= Alessandro Grandi =

Italian composer

Alessandro Grandi (1590 – after June 1630, but in that year) was a northern Italian composer of the early Baroque era, writing in the new stile concertato (lit. 'concerted style'). He was one of the most inventive, influential, and popular composers of the time, probably second only to Monteverdi in northern Italy.

==Life==
Grandi was born in Venice and spent the first part of his life there, likely studying with Giovanni Gabrieli. He held several posts in Ferrara as maestro di cappella at different cathedrals and academies. In 1617 he won a post at St. Mark's in Venice, during the time Monteverdi was choirmaster there. Eventually he became Monteverdi's assistant, and during this time seems to have chosen to write works in some of the smaller forms which Monteverdi was neglecting. In 1627 he went to Bergamo, probably because he had an opportunity to be maestro di cappella at a place where he could build up the music program from scratch. Most likely he met Heinrich Schütz on that composer's second visit to Italy. Unfortunately, after only three years at Bergamo, Grandi died in 1630 during an outbreak of the plague.

==Works==
Most of Grandi's music is vocal with instrumental accompaniment. Stylistically, his early music is similar to that of Giovanni Gabrieli, with alternating short passages of greatly contrasting rhythms and texture; however he usually wrote for smaller forces. Most of Grandi's early compositions are motets in the stile concertato: some are duets and trios, an innovation in motet writing, which usually involved larger groups. Grandi was one of the few composers who continued to write involved vocal polyphony over the basso continuo right after its introduction—most composers using the continuo in the first decades of the 17th century wrote monodies, or preferred more homophonic textures.

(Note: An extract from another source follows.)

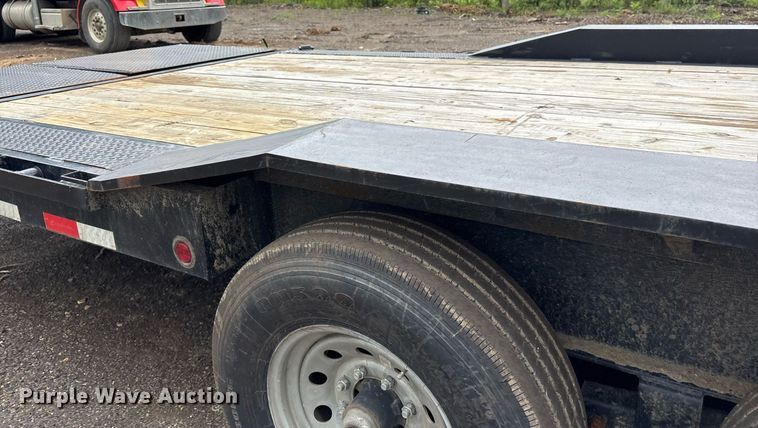 image for item DY0519 2024 Load Trail TRA/REM Gooseneck Carhauler equipment trailer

Grandi experimented with extreme emotionalism in some of his music, with chromaticism, ornament, and affectation. While harmonically he was not as adventurous as Gesualdo, he was connected to the larger tradition, and thus his works were almost as influential as Monteverdi's. He ceaselessly innovated, writing monodies with instruments such as violins, and in a sectional form with repeating parts for instruments only—an idea which would develop into the ritornello. The music of Grandi shows a link between the stile concertato which began the Baroque era, and the form of the cantata which culminated in the work of J.S. Bach.

Grandi was one of the most popular composers of his day; his works were published throughout Italy, Germany, and the Low Countries, and continued to be reprinted long after his death. He wrote motets, psalm settings, madrigals, as well as some of the earliest compositions to be called "cantata."